TASK DIRECTIONS —
Of the entries below, return exactly those lines that fall between the one containing "俄罗斯驻日本大使去广岛献花" and the one containing "Gold Premium Central", the two end lines included.

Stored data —
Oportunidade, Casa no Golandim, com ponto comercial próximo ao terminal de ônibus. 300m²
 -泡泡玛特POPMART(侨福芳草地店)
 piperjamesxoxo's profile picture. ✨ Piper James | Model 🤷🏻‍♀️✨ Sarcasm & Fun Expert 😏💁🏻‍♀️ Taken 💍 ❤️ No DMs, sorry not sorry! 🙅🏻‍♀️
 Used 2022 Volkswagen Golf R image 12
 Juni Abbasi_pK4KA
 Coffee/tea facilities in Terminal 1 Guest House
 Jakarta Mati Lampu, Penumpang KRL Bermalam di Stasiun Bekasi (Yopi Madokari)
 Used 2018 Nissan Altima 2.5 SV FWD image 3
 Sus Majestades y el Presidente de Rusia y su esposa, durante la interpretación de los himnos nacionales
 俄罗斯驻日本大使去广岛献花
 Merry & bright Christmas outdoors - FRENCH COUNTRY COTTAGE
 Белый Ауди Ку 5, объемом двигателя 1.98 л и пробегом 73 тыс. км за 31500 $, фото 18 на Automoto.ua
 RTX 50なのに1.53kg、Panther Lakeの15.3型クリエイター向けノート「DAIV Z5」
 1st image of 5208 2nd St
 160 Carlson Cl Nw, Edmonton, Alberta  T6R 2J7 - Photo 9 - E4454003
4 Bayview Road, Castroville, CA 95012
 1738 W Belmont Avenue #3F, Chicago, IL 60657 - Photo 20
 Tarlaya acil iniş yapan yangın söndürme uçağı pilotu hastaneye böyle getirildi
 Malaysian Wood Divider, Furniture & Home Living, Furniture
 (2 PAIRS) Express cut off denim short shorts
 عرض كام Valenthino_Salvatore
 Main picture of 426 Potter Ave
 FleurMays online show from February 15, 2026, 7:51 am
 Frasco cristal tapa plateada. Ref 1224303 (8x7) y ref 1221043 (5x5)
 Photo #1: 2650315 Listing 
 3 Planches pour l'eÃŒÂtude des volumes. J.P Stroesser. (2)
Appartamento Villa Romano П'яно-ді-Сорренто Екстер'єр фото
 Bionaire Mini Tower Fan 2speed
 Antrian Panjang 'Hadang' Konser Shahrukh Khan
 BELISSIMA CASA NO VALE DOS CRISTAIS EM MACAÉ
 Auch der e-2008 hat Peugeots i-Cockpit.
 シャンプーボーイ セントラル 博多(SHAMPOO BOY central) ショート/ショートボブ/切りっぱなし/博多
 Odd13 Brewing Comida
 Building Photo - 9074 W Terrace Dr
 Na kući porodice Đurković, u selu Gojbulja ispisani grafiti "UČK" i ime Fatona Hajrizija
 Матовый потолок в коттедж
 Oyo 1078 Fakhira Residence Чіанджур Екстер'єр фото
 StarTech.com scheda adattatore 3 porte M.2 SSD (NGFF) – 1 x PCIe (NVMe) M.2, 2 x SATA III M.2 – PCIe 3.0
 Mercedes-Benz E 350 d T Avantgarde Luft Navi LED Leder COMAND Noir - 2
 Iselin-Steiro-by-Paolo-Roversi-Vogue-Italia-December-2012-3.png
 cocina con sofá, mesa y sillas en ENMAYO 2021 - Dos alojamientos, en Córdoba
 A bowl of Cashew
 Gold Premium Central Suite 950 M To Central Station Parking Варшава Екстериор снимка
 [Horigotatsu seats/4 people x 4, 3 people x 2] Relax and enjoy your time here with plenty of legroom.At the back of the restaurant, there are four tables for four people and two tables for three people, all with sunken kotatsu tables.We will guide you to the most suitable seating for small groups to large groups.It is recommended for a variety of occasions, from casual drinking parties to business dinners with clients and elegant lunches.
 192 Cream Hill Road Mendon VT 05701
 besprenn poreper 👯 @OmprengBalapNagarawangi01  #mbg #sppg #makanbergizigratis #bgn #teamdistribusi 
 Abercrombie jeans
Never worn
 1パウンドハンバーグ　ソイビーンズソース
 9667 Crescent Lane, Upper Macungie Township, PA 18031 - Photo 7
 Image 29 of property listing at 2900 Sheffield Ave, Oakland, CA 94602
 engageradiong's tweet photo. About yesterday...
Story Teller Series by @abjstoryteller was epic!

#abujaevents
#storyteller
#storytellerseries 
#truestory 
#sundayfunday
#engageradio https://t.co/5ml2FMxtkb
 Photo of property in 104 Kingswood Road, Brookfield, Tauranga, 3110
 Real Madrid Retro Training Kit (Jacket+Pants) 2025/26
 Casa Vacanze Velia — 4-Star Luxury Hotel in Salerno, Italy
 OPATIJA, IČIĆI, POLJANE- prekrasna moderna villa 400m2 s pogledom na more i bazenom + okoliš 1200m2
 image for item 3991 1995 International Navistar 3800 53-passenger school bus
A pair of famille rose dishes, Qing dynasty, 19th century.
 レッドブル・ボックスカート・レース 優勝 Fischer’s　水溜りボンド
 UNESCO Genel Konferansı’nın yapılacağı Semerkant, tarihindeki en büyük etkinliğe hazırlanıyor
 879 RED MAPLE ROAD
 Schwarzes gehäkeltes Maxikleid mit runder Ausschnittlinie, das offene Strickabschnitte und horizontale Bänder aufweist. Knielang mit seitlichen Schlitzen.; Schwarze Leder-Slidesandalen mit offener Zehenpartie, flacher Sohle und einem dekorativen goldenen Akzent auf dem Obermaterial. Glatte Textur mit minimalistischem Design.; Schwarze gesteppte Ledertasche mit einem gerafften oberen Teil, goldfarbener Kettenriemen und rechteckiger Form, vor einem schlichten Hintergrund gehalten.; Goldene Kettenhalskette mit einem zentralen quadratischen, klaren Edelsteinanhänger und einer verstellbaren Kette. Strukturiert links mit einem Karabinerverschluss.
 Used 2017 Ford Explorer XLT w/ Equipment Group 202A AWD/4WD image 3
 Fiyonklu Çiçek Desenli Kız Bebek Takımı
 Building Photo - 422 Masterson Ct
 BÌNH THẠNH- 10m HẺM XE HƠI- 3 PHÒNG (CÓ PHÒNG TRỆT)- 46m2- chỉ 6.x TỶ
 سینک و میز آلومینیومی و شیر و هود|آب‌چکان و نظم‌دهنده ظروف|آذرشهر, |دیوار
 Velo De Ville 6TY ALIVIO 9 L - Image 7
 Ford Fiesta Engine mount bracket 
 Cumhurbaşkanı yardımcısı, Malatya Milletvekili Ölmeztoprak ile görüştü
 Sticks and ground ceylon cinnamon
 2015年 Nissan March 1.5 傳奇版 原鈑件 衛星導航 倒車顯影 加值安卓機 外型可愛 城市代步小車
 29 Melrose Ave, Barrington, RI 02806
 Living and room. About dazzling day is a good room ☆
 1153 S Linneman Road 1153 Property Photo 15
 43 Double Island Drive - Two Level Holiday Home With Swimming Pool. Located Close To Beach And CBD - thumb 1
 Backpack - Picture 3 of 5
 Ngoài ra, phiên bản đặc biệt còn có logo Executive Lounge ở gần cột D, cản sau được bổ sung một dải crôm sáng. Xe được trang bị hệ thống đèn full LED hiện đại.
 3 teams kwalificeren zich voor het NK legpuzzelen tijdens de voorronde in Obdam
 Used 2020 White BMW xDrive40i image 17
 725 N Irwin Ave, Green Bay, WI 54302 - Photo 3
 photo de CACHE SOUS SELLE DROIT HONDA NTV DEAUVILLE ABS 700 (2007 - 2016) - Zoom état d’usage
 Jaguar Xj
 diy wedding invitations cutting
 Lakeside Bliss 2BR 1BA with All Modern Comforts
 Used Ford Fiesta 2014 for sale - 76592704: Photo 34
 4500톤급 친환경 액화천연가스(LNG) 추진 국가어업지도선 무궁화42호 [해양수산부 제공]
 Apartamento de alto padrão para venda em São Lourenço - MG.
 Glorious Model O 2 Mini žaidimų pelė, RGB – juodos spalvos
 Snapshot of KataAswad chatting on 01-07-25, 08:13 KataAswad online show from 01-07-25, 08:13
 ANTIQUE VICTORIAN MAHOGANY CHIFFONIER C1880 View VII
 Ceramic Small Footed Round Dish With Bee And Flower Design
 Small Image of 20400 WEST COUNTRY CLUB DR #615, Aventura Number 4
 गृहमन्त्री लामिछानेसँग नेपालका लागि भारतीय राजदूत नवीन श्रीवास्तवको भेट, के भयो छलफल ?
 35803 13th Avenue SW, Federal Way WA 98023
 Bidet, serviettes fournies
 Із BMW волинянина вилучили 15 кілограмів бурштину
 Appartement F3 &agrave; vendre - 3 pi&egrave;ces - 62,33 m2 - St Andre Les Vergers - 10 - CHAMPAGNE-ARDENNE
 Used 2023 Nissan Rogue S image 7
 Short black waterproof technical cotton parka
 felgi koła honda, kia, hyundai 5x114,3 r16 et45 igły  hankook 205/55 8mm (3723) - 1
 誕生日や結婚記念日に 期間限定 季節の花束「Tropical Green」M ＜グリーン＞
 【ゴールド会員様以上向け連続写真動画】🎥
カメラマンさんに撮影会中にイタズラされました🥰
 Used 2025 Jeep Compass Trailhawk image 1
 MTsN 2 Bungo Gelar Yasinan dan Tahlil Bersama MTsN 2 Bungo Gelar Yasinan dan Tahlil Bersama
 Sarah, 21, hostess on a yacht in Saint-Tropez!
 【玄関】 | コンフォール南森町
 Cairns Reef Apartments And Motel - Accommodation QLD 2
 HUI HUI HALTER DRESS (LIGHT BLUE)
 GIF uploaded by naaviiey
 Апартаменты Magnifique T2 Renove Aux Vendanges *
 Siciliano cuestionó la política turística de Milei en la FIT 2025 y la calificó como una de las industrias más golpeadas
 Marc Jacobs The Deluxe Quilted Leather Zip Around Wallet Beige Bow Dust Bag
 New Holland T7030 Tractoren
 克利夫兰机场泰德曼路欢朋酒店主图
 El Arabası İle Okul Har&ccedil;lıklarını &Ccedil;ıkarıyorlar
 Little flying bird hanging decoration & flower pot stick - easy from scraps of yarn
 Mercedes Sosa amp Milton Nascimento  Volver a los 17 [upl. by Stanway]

SOLVED PROBLEM —
 俄罗斯驻日本大使去广岛献花
 Merry & bright Christmas outdoors - FRENCH COUNTRY COTTAGE
 Белый Ауди Ку 5, объемом двигателя 1.98 л и пробегом 73 тыс. км за 31500 $, фото 18 на Automoto.ua
 RTX 50なのに1.53kg、Panther Lakeの15.3型クリエイター向けノート「DAIV Z5」
 1st image of 5208 2nd St
 160 Carlson Cl Nw, Edmonton, Alberta  T6R 2J7 - Photo 9 - E4454003
4 Bayview Road, Castroville, CA 95012
 1738 W Belmont Avenue #3F, Chicago, IL 60657 - Photo 20
 Tarlaya acil iniş yapan yangın söndürme uçağı pilotu hastaneye böyle getirildi
 Malaysian Wood Divider, Furniture & Home Living, Furniture
 (2 PAIRS) Express cut off denim short shorts
 عرض كام Valenthino_Salvatore
 Main picture of 426 Potter Ave
 FleurMays online show from February 15, 2026, 7:51 am
 Frasco cristal tapa plateada. Ref 1224303 (8x7) y ref 1221043 (5x5)
 Photo #1: 2650315 Listing 
 3 Planches pour l'eÃŒÂtude des volumes. J.P Stroesser. (2)
Appartamento Villa Romano П'яно-ді-Сорренто Екстер'єр фото
 Bionaire Mini Tower Fan 2speed
 Antrian Panjang 'Hadang' Konser Shahrukh Khan
 BELISSIMA CASA NO VALE DOS CRISTAIS EM MACAÉ
 Auch der e-2008 hat Peugeots i-Cockpit.
 シャンプーボーイ セントラル 博多(SHAMPOO BOY central) ショート/ショートボブ/切りっぱなし/博多
 Odd13 Brewing Comida
 Building Photo - 9074 W Terrace Dr
 Na kući porodice Đurković, u selu Gojbulja ispisani grafiti "UČK" i ime Fatona Hajrizija
 Матовый потолок в коттедж
 Oyo 1078 Fakhira Residence Чіанджур Екстер'єр фото
 StarTech.com scheda adattatore 3 porte M.2 SSD (NGFF) – 1 x PCIe (NVMe) M.2, 2 x SATA III M.2 – PCIe 3.0
 Mercedes-Benz E 350 d T Avantgarde Luft Navi LED Leder COMAND Noir - 2
 Iselin-Steiro-by-Paolo-Roversi-Vogue-Italia-December-2012-3.png
 cocina con sofá, mesa y sillas en ENMAYO 2021 - Dos alojamientos, en Córdoba
 A bowl of Cashew
 Gold Premium Central Suite 950 M To Central Station Parking Варшава Екстериор снимка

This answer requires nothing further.